The anal biopsy showed a moderately differentiated adenocarcinoma with pagetoid spread in the anal squamous mucosa (Fig 1). The tumour cells were positive for keratin 7 (Fig 2) but were negative for keratin 20, CDX2 (Fig 3), p63, CD56, synaptophysin and S100. At the time, there was no other primary site involvement and so it was suggested that this was either a primary anal gland carcinoma or a possible metastasis from the female genital tract. However, no female genital tract tumour was confirmed on imaging.

Figure 1.

Figure 1

The yellow arrows indicate pagetoid spread in the anal squamous mucosa. The black arrows highlight tumour infiltration composed of cords and glands in the lamina propria. Inset: The cancer cells show strong nuclear reaction for oestrogen receptor.

Figure 2.

Figure 2

Tumour cells showing strong membrane staining for keratin 7 and negative reaction for keratin 20 (inset)

Figure 3.

Figure 3

Tumour cells showing negative staining for CDX2

In view of the current growth of the breast tumour, which showed features of an adenocarcinoma, the anal biopsy was reviewed for the breast multidisciplinary team alongside the breast core biopsy. It showed similar histomorphology to the breast cancer and additional immunostaining was performed on both lesions to establish the primary site. Naturally, the main differential diagnosis was between a primary anal adenocarcinoma and metastatic breast cancer. Both the anal tumour and the breast tumour revealed strong positive nuclear reactions for oestrogen receptor and progesterone receptor (both 8/8) (Fig 1) and patchy staining for gross cystic disease fluid protein 15. The patient’s human epidermal growth factor receptor 2 IHC score was 1+ (negative) in both lesions. Owing to the striking similar histomorphology and immunoprofile of both lesions, it was concluded that the anal tumour was in keeping with a metastatic breast carcinoma.

Full CT and bone scintigraphy for staging revealed no evidence of metastatic disease and the patient was therefore recommended (after discussion by the multidisciplinary team) to undergo left wire guided wide local excision with sentinel node biopsy.
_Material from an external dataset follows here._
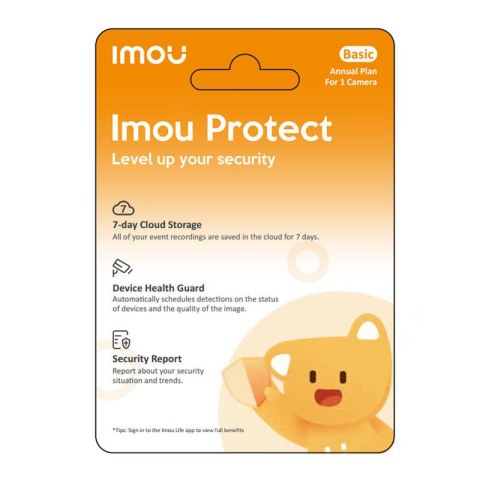 Karta Upominkowa IMOU Protect Basic (Plan Roczny) Karta Upominkowa IMOU Protect Basic (Plan Roczny)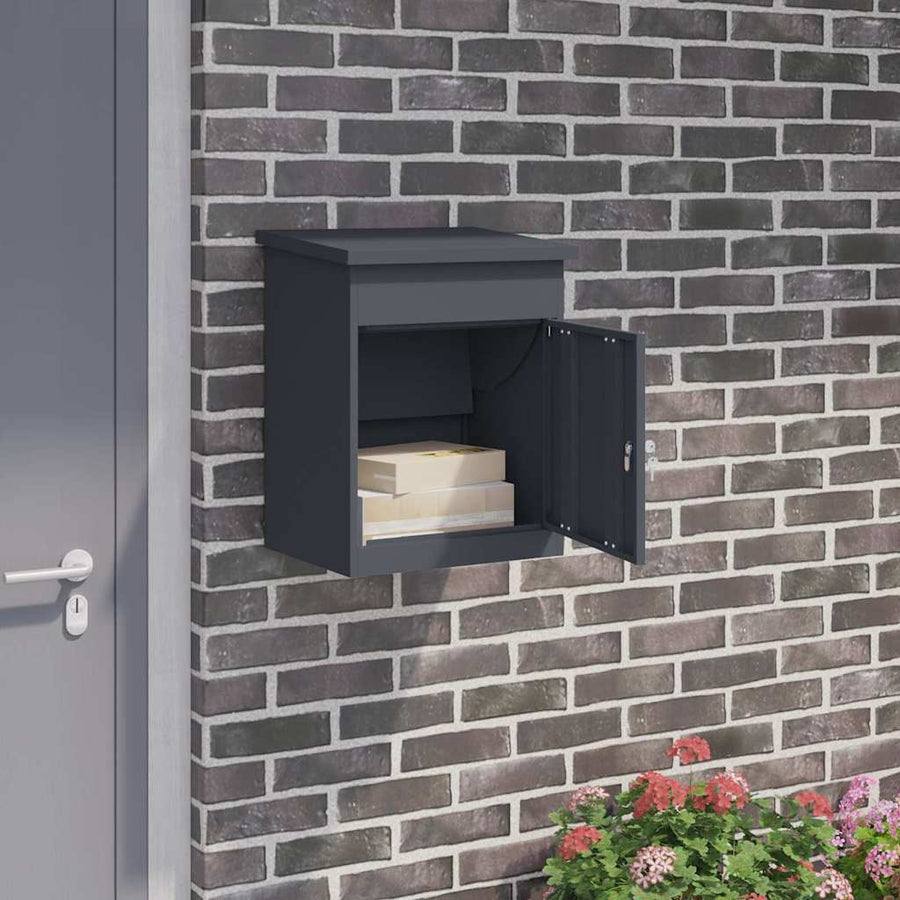 Pakket inwerp box met opslag Antraciet 47,5 x 38 x 59 cm Staal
She had a single metastatic lymph node and underwent regional radiotherapy and was started on letrozole as adjuvant treatment.

Discussion

A thorough literature review was performed and although there have been well documented cases of breast cancer metastasising to the gastrointestinal tract, anal metastasis remains extremely rare. In particular, among the five published case reports,7–11 there was not a single case of a breast cancer metastasising to the anus with the anal symptoms presenting as the sentinel symptom. It is also remarkably unusual given the 27 months between the presentations. Furthermore, this case is unique because the patient did not have widespread metastasis.

Clinicians need to be aware of the unusual possibility of a breast carcinoma metastasising to the gastrointestinal tract, with the anus being the least likely site. This case report highlights the importance of thoroughly checking histological reports. Anal metastasis from breast cancer may have a long interval for manifestation. Symptoms can be non-specific and so accurate diagnosis requires an extremely high index of clinical suspicion.

Conclusions

As advances in the treatment of breast cancer improve, and with an ageing and expanding population, there will be an increasing number of cancer survivors. As a result, more of these unusual presentations may be encountered in the future. An accurate diagnosis raises the possibility of systemic treatment to complement local radiotherapy and avoid radical surgical intervention.